Алексей Иванович Введенский (1861–1913) в работе «Судьбы философии в России» (1898) выступил с критикой этой точки зрения, считая, что «философия у нас существует не вследствие искусственного насаждения, а вследствие глубокой потребности, удовлетворяемой вопреки всевозможным препятствиям». Тем не менее он признавался, что «наша философия, как и вся наша образованность, заимствованная». Но тут же добавлял, что «так оно и должно быть: большее или меньшее заимствование и подчинение чужим влияниям – это общий закон развития философии любого европейского народа». Он делал вывод (в котором не ошибся), что «скоро философия и у нас непременно достигнет такой же высоты развития и такой же силы влияния, как и в наиболее культурных странах, разумеется, если не встретятся какие-нибудь препятствия чисто внешнего характера» [1] .
1
Введенский А.И. Судьбы философии в России // Введенский А.И., Лосев А.Ф., Радлов Э.Л., Шпет Г.Г.: Очерки истории русской философии. Свердловск, 1991. С. 26.

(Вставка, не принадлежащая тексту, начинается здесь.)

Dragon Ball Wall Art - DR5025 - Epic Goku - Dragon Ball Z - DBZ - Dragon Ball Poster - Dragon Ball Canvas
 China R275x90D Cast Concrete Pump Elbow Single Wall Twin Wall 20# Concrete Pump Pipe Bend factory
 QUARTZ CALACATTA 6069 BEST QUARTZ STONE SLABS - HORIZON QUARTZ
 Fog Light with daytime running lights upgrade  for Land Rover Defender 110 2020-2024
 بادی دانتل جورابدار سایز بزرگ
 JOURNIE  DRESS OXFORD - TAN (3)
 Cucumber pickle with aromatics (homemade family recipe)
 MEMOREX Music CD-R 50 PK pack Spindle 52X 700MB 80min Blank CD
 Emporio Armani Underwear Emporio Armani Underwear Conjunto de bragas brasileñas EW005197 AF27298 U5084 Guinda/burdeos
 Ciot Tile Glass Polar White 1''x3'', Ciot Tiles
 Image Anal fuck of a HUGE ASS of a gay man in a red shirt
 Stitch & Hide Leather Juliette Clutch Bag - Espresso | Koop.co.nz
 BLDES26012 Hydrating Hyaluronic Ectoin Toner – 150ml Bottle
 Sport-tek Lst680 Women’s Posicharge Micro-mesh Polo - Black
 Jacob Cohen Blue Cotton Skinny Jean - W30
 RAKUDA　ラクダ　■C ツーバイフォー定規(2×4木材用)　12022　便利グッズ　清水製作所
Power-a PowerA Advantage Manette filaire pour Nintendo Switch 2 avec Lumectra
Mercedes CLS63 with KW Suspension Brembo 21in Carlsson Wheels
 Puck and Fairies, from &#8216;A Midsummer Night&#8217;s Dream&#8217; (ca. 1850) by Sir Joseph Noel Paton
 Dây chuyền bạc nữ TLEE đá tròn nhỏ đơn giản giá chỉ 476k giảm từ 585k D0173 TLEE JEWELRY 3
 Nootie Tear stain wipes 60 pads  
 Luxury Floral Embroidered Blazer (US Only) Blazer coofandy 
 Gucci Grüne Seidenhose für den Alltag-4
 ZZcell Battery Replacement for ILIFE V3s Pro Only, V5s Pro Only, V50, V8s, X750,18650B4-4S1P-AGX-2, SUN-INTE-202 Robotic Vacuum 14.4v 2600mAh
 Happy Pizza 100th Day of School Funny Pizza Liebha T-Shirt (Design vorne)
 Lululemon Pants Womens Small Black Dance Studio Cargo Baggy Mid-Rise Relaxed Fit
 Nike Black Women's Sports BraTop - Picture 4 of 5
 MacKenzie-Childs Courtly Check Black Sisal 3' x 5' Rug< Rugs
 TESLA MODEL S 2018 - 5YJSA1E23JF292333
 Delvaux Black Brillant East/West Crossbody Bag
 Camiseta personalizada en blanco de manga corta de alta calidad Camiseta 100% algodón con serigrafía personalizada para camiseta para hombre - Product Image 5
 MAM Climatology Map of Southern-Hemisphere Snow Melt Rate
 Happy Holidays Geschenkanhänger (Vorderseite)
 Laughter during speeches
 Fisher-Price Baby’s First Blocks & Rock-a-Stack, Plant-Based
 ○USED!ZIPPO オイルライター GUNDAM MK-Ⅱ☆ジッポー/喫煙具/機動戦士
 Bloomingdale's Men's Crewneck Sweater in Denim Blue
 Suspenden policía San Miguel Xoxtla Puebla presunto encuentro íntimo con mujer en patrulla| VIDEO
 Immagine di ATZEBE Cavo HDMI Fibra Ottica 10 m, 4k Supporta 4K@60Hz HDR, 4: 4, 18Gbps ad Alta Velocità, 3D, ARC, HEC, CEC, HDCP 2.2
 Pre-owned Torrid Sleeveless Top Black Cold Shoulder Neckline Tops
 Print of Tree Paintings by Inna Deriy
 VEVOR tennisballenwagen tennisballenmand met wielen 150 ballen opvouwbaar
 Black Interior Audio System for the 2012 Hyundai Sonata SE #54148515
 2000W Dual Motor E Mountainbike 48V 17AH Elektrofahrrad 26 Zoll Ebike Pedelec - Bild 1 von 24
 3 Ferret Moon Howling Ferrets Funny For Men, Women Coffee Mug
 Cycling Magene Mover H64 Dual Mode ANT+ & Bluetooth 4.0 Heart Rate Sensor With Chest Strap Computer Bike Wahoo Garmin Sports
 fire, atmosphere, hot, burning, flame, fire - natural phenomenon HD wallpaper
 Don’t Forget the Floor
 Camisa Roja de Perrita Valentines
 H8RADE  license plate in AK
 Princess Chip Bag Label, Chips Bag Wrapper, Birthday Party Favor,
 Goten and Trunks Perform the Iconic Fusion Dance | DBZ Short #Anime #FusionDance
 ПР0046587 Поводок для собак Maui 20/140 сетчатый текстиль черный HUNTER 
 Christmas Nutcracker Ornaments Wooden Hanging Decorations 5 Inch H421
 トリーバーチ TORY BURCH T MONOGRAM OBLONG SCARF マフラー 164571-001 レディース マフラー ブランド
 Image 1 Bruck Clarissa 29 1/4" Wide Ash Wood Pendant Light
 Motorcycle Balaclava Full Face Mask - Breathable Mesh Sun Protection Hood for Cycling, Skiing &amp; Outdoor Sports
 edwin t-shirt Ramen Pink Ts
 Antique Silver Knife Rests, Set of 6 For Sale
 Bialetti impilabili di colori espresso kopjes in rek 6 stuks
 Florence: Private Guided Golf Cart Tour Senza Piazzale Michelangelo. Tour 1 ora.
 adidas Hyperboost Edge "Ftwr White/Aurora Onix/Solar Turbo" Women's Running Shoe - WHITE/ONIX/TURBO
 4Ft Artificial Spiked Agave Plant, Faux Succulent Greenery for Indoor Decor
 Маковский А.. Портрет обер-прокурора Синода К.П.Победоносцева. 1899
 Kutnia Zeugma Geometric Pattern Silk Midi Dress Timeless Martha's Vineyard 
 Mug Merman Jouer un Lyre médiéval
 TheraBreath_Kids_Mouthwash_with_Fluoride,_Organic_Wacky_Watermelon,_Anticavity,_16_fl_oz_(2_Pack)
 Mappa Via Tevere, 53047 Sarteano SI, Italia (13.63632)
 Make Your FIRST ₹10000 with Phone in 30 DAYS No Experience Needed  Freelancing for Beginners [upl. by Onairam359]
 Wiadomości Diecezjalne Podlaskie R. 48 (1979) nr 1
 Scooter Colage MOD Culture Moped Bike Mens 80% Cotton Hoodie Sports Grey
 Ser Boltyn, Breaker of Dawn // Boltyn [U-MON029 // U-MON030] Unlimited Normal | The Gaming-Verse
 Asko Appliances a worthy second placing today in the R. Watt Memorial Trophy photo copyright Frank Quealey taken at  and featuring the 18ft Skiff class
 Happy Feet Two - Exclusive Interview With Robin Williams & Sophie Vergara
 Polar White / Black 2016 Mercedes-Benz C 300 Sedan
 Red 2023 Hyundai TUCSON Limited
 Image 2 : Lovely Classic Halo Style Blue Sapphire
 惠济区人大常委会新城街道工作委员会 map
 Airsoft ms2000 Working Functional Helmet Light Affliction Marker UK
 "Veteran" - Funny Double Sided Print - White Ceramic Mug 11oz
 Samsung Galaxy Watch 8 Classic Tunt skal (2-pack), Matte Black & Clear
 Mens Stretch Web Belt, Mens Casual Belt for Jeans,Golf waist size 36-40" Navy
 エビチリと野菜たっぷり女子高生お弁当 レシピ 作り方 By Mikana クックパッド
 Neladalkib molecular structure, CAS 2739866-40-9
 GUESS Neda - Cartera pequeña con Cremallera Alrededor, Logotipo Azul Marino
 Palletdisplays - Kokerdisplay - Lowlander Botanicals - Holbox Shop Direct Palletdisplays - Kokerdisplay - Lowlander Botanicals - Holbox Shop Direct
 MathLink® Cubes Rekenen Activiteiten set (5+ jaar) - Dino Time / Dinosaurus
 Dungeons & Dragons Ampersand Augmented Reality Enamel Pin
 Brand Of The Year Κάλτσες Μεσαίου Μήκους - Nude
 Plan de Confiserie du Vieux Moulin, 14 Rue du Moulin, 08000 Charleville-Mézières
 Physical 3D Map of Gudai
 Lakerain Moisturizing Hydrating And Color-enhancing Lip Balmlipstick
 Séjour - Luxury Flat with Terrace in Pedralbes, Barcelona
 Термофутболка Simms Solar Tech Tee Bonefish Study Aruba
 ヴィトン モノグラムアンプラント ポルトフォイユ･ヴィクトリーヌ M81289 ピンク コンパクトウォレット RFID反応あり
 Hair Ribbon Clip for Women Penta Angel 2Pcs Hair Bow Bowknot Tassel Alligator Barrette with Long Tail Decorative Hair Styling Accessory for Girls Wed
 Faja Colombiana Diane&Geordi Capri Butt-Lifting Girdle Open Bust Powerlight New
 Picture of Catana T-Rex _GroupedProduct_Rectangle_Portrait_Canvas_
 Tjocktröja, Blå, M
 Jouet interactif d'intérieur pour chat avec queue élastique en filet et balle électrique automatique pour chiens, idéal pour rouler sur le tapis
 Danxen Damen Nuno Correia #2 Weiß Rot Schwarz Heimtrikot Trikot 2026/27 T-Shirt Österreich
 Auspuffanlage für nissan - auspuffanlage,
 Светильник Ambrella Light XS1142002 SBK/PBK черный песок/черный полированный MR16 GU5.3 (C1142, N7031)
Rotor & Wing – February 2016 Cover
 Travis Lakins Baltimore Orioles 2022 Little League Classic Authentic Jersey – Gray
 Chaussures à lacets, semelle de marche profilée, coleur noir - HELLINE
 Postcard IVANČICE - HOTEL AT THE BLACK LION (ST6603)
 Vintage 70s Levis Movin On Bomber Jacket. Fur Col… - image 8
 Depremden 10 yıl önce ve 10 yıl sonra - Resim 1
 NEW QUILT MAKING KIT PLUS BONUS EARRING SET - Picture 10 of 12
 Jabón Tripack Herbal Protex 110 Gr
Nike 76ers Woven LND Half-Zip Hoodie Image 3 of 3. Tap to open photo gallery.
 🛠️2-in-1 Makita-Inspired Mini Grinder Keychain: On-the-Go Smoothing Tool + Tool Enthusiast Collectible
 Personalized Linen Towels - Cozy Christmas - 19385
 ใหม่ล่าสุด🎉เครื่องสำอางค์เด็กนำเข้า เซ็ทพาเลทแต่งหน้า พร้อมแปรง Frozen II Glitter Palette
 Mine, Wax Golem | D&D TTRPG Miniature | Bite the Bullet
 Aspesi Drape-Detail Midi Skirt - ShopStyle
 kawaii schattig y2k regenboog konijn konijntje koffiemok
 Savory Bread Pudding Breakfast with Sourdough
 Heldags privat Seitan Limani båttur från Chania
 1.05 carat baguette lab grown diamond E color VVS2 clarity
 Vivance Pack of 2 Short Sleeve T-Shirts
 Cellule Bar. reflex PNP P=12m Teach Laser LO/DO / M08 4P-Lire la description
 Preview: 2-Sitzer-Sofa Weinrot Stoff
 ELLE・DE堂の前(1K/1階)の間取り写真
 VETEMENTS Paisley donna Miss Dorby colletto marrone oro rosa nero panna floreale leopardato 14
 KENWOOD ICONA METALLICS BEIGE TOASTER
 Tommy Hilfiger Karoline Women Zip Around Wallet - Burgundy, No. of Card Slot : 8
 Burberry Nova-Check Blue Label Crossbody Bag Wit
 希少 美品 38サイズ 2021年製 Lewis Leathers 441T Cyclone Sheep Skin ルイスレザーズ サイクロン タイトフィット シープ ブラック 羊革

Вместе с тем, исследуя этапы исторического развития философии в России, он пришел к выводу, что его определяют «внешние препятствия», связанные прежде всего с отношением власти к философии. Эти препятствия обусловили три периода: подготовительный, начавшийся с открытием Московского университета в 1755 году; период господства германского идеализма, закончившийся закрытием кафедр философии в русских университетах; с 1863 года «период вторичного развития», который должен привести русскую философию к расцвету.
Критиком методологических установок историко-философской концепции А.И. Введенского явился Эрнест Леопольдович Радлов (1854–1928). В «Очерке истории русской философии» (1912) он выступил против трехчленной периодизации Введенского, справедливо утверждая, что нельзя отождествлять русскую философию с той, которая преподавалась в Московском университете. Также нет оснований, считал он, выделять немецкий идеализм в особый (второй) период, поскольку господство немецкой мысли в русской философии чувствовалось всегда. Родоначальником русской философии Радлов, как и некоторые другие исследователи, считал Г.С. Сковороду (1722–1794). Радлов предлагал двухчленную периодизацию истории русской философии: подготовительный период (до Ломоносова) и построительный (от Ломоносова и далее). Эта точка зрения получила наибольшее распространение в отечественной историографии до середины XX века.
Следующая точка зрения может быть представлена Густавом Густавовичем Шпетом (1879–1937) в его «Очерке развития русской философии» (1922), где он крайне уничижительно оценивает русскую философию. «История русской философии, – пишет он, – есть история донаучной философской мысли – история философии, которая не познала себя как философию свободную, неподчиненную, философию чистую, философию-знание, философию как искусство… Русская философия по преимуществу философствование. Поэтому ее темы редко бывают оригинальны, даже тон – ей задан». Русская философия, по его мнению, в лучшем случае представляет собою лишь философствование на морально-мировоззренческие темы.